In May, the annual meeting of World Health Assembly (WHA), the decision-making body of the Geneva-based WHO, passed a unanimous resolution to probe the origin of the virus. China also backed the resolution. A two-member team from the WHO which visited China in August, completed the groundwork for the probe into the animal source and reservoirs of the COVID-19 which first emerged in Wuhan in December last year and later became a global pandemic.
At Monday’s meeting, representatives from the United States, the European Union, and Australia called on the WHO to send the team and share more details about the mission. But observers said, from an international legal perspective, the WHO could not send a team into a member state without its permission.

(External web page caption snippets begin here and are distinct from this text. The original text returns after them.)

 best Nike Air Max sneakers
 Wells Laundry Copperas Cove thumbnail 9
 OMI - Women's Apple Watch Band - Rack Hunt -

WHO has faced stringent criticism, especially from US President Donald Trump, who accused it of being a puppet of China for not acting in time to halt the spread of the COVID-19 when it broke out in Wuhan. Besides halting funding for WHO, the Trump administration formally notified the UN of its decision to withdraw the US from the WHO, breaking off ties with the global health body amidst the raging coronavirus pandemic. The United States has blamed the spread of Covid-19 on the WHO’s reliance on early information from Beijing, which took several weeks after the disease emerged to confirm human-to-human transmission.
Besides denying Trump’s allegations that the virus has escaped from a bio-lab in Wuhan, China also refuted allegations that it emanated from a wet market in the city from bats or pangolins before infecting humans. For its part, China sought to shift the blame saying that the virus may have originated elsewhere in the world and surfaced in Wuhan.
Analysts said WHO mission’s legitimacy would depend on who was involved and how it was run, particularly after criticism that it had pandered to China during the early weeks of the outbreak.